Iba yo montado en mi corcel blanco como la nieve, la que caía en ese atardecer, gélido destino, baja la guardia, visera abierta, cansado de luchar.
El silencio era sonido en mis oídos; paz sumergida en mi añoranza, la de volver a ver esos ojos grises, hielo que mi candor derretía.
Me esperaba un camino largo y pedregoso, ya era costumbre; la victoria y la ilusión envolvían mi ser, era fuerte en esencia, pero no era consciente de la magnitud de ésta. Había salido ileso de la batalla, había decidido abandonarla y emprender mi camino en solitario, bifurcación de pensamientos que deseaban abrazar el cuerpo voluptuoso y solemne de mi dama; vestida de piel de plata, terciopelo en luna hecha mujer, sensualidad desatada en pecado de amor lujurioso, que me hacía enloquecer.
Eran dos meses sin saber de ella, sin escuchar su cálida y armoniosa voz, la deseaba en mi flaqueza, había perdido la razón, necesitando como el beber agua, su fuente de salvación; era mi lecho seguro, la dulzura de un olvido de dolor, era futuro, una Diosa de creación.
Rememoraba nuestros encuentros en el conticinio, escondidos de nuestros secretos, dando rienda a la culminación del deseo; su melena ondulada y castaña se fundía con la mía, lisa y azabache, su cuerpo curvilíneo llamaba al mío, fuerte, masculino, y nuestras miradas... Aquella mujer era una hechicera en todo sentido; el gris de su iris mezclado con ámbar, penetrante, se adueñaba de mi azul brillante.
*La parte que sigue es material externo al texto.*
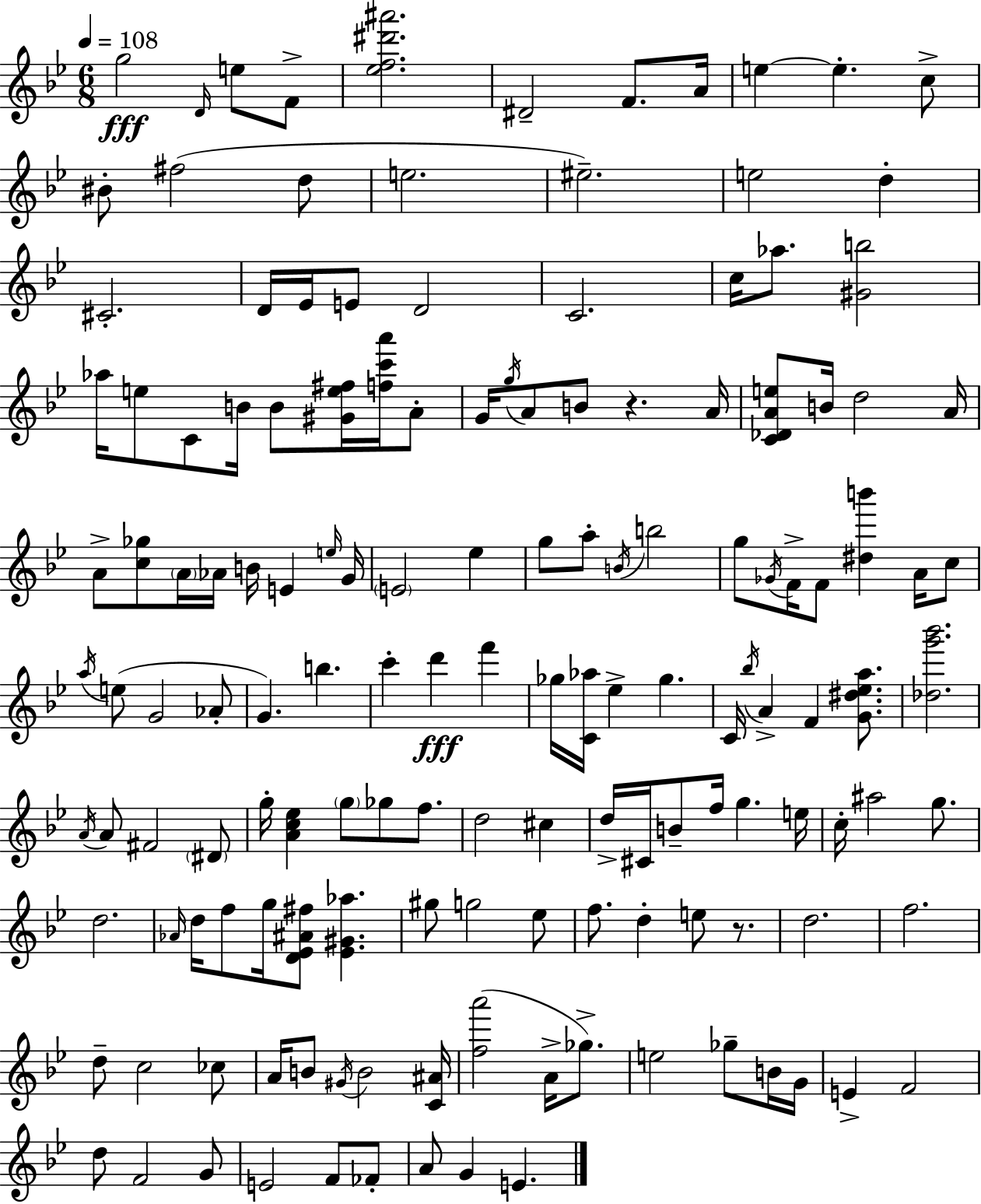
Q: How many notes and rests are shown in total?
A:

Yo sabía lo que era ella, ella sabía que yo había caído en su hechizo de mujer poderosa, pues escuchaba en su pecho la voz recitante de ensalmo, el que llegaba a curar mi alma.
En la lejanía de nuestras figuras podíamos sentirnos, era un hilo invisible e inefable, que nos unía en mente, pues era capaz de escuchar sus emociones y ella las mías; nos encontrábamos unidos de un modo místico y único.
Entre mis divagaciones internas, hablaba a mi caballo, yo sabía que él me entendía, y justamente cuando iba a volver a articular palabra... Sentí cómo algo había atravesado el gorjal. La sangre brotaba lentamente, derramada en carmín hacia mi peto, llegando al corcel, manchando el blancor con mi muerte.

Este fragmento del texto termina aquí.